Calling Cortez: Neil (Vol. 3)
The Minus 5
Believe it or not, Neil Young’s voice sets some people’s teeth on edge. Enter Scott McCaughey, the once-upon-a-time Young Fresh Fellow who began covering Young songs several years ago as part of his recovery from a stroke. Besides having good (and eclectic) taste in Young songs (“Out of My Mind,” “Misfits,” “Don’t Be Denied”), McCaughey has the vocal range and the emotional investment to put them across. He’s also tuned-in enough to Young’s radar to contribute compatible songs of his own. Don’t be surprised if someday Young covers “Let’s Build a Pyramid,” “One Last Tank,” and “Empty Quiver” on an album called Scott.

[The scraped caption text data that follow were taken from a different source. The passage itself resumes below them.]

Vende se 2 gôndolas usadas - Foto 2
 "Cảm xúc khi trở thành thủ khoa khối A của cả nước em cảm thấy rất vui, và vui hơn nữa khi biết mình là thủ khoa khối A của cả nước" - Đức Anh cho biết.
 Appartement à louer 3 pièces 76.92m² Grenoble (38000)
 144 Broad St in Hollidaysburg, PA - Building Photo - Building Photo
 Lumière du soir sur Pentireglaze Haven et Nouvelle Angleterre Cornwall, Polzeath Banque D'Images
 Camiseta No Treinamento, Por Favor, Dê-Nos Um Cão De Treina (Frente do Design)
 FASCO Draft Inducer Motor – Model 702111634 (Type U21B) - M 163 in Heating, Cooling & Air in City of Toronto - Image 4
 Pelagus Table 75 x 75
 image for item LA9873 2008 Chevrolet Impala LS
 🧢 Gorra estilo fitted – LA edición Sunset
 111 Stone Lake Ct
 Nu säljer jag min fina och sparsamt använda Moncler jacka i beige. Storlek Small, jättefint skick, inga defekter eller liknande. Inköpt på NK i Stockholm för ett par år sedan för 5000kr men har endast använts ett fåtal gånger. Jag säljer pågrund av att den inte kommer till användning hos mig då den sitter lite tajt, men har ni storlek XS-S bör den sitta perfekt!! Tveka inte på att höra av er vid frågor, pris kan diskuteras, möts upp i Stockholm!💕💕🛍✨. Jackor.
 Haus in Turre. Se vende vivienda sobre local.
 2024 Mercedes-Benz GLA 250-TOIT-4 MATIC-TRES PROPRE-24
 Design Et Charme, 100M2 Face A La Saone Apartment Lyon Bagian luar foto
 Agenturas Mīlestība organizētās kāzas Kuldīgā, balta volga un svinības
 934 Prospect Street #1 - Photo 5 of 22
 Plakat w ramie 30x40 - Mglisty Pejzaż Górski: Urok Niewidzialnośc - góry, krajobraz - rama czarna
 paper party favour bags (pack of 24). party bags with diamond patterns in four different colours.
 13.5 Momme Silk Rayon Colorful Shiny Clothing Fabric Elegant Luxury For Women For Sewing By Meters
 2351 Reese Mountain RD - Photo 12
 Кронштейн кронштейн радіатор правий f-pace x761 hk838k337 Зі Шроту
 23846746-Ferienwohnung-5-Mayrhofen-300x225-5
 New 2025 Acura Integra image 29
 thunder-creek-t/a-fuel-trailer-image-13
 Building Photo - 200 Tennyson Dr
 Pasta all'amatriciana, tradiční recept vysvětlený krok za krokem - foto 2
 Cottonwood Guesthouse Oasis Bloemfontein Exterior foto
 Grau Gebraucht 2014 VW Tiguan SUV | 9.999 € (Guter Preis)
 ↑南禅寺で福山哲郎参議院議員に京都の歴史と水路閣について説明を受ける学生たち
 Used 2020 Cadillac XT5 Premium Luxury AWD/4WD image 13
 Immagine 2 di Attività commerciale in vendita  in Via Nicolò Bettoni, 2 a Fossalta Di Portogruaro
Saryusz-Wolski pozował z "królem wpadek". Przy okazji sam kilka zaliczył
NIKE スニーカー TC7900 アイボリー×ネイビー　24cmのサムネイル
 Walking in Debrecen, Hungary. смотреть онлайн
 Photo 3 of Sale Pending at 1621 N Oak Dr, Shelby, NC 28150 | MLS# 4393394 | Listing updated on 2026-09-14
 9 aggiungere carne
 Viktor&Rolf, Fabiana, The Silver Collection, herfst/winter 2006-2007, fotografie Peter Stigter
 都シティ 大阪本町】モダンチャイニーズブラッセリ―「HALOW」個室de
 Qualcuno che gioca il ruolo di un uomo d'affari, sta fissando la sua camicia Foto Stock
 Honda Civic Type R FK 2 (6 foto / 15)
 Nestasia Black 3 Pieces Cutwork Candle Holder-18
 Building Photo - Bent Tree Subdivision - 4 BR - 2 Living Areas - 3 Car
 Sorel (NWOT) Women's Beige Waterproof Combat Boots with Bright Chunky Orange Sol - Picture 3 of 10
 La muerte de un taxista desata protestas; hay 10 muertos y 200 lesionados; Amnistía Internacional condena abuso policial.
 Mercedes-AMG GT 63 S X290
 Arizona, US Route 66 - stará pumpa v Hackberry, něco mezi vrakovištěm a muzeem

One version or another of this Swedish Christian band has been pounding out high-quality metal off and on (mostly on) for over 25 years, and it shows no signs of slowing down. There’s still thunder aplenty in the rhythm section, the keyboards still provide ’80s frosting, and, vocally, Christian Liljegren still gives Iron Maiden’s Bruce Dickinson a run for his money. Best of all, the group remains oblivious to nuance, but not artlessly or unimaginatively so. Gleefully, maybe.
Heart & Sacrifice
Sweet & Lynch
Sweet is Michael, the lead singer of Stryper. Lynch is George, the ex-Dokken guitarist and current guitarist of Lynch Mob. Sweet, Lynch, their bassist Alessandro Del Vecchio, and Faithsedge’s Giancarlo Floridia wrote all 12 songs. The lyrics, however, have Sweet (and maybe Floridia) stamped all over them, speaking as they frequently do for seekers on the verge of leaps of faith. On “After All Is Said and Done” and “World Full of Lies,” the band eases up a bit. On everything else, minor-key hooks and bludgeoning riffs (including one from Led Zeppelin’s “Kashmir”) face off in a high-volume slugfest that’s winner take all for sure.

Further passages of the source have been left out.